Directions:
Starting with the line below that holds "Felgi alu VW" and stopping after the line that holds "Danielrainn:Floral Black and Red Women's Top", transcribe the lines exactly, leaving out all pictures.

Records provided:
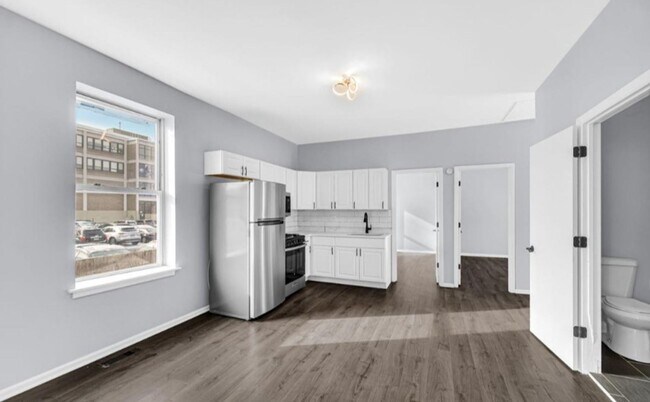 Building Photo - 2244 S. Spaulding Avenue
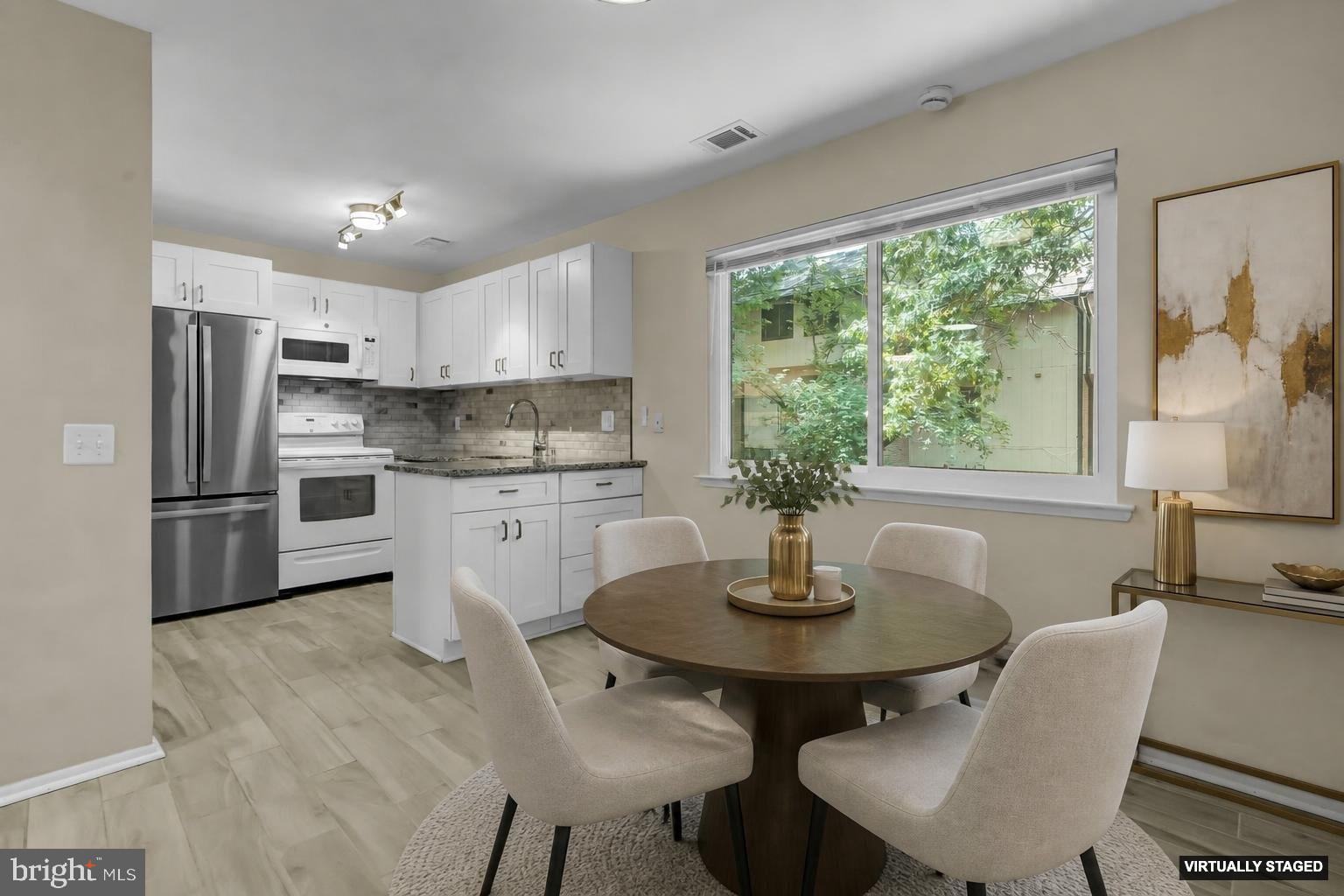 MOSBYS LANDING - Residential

* * *

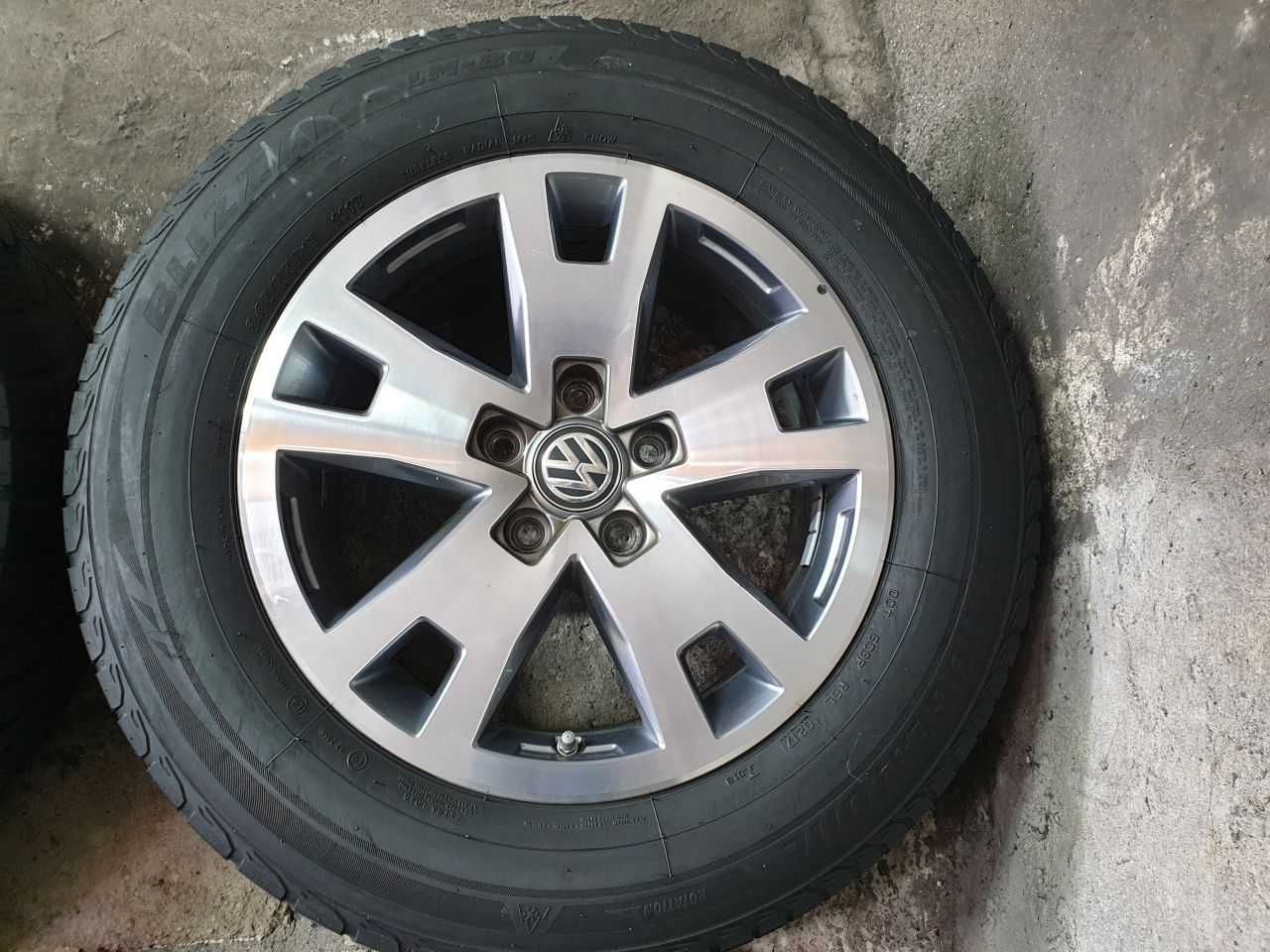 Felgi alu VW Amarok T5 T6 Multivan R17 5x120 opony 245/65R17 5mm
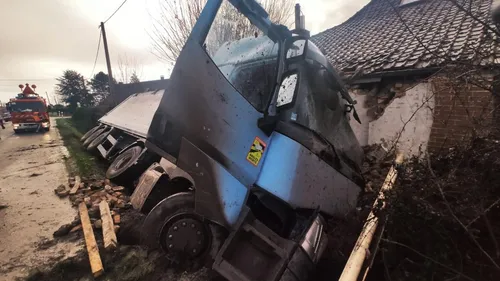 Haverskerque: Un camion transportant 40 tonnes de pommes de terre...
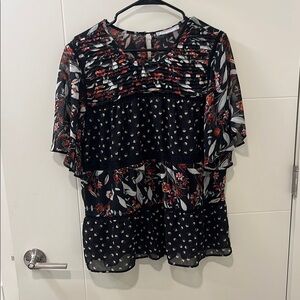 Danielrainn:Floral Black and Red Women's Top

--

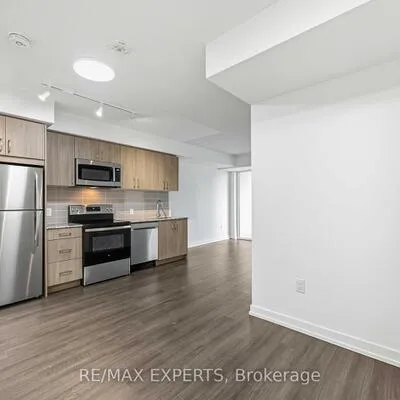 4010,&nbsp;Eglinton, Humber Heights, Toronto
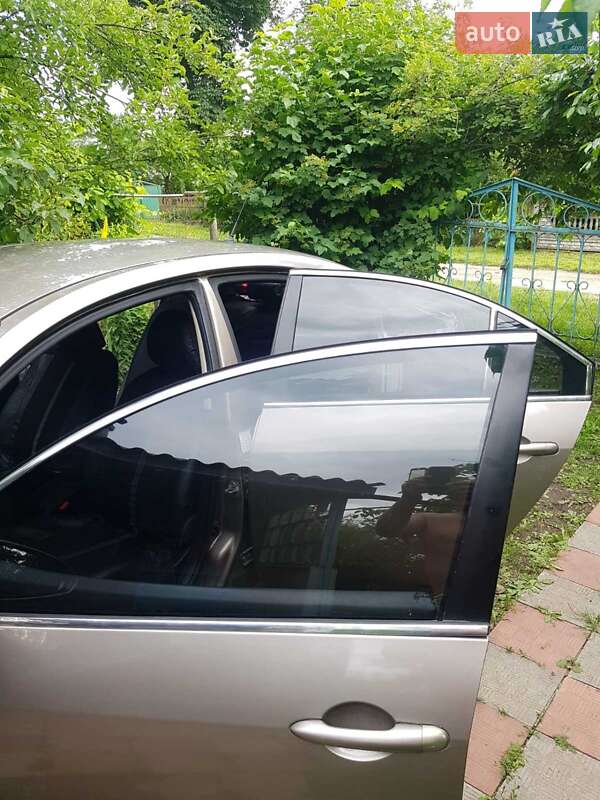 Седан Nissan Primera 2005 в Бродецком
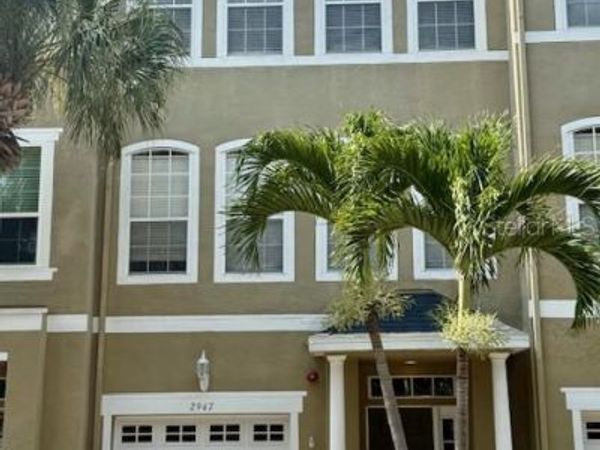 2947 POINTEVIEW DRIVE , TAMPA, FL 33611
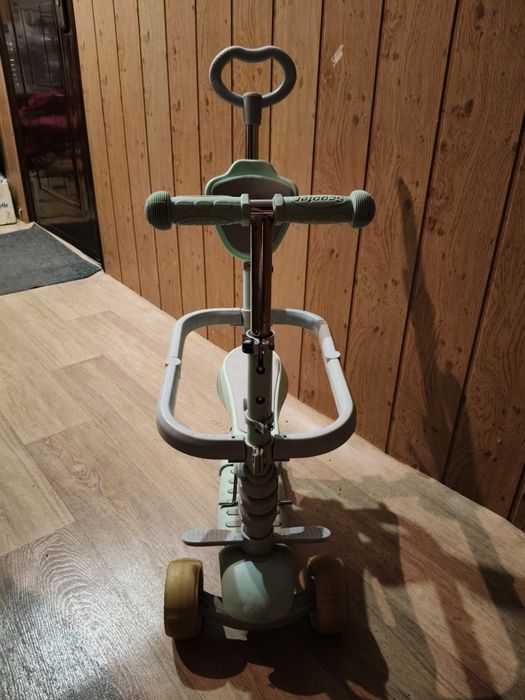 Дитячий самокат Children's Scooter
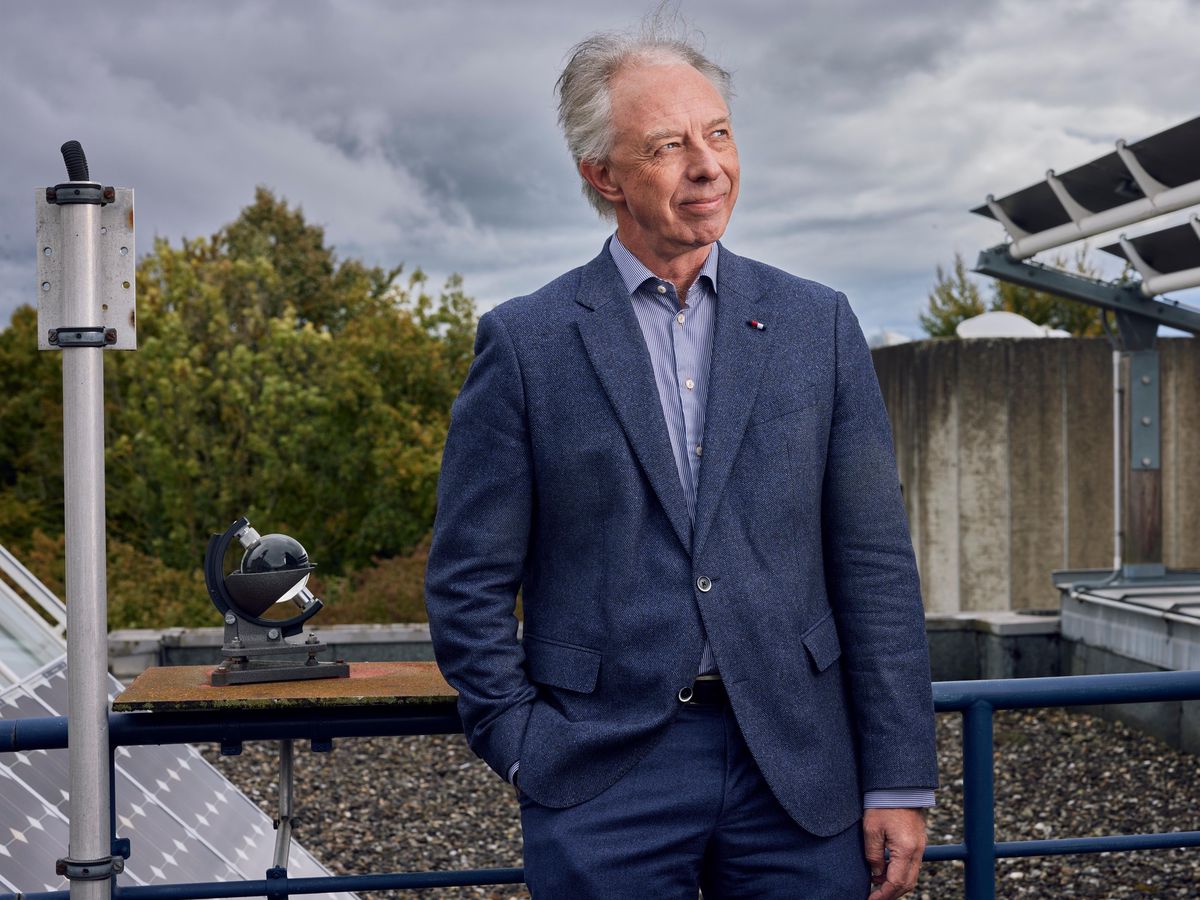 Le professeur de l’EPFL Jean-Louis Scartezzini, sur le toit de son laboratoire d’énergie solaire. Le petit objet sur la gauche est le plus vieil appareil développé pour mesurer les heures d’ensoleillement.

Completed task:
 Felgi alu VW Amarok T5 T6 Multivan R17 5x120 opony 245/65R17 5mm
 Haverskerque: Un camion transportant 40 tonnes de pommes de terre...
 Danielrainn:Floral Black and Red Women's Top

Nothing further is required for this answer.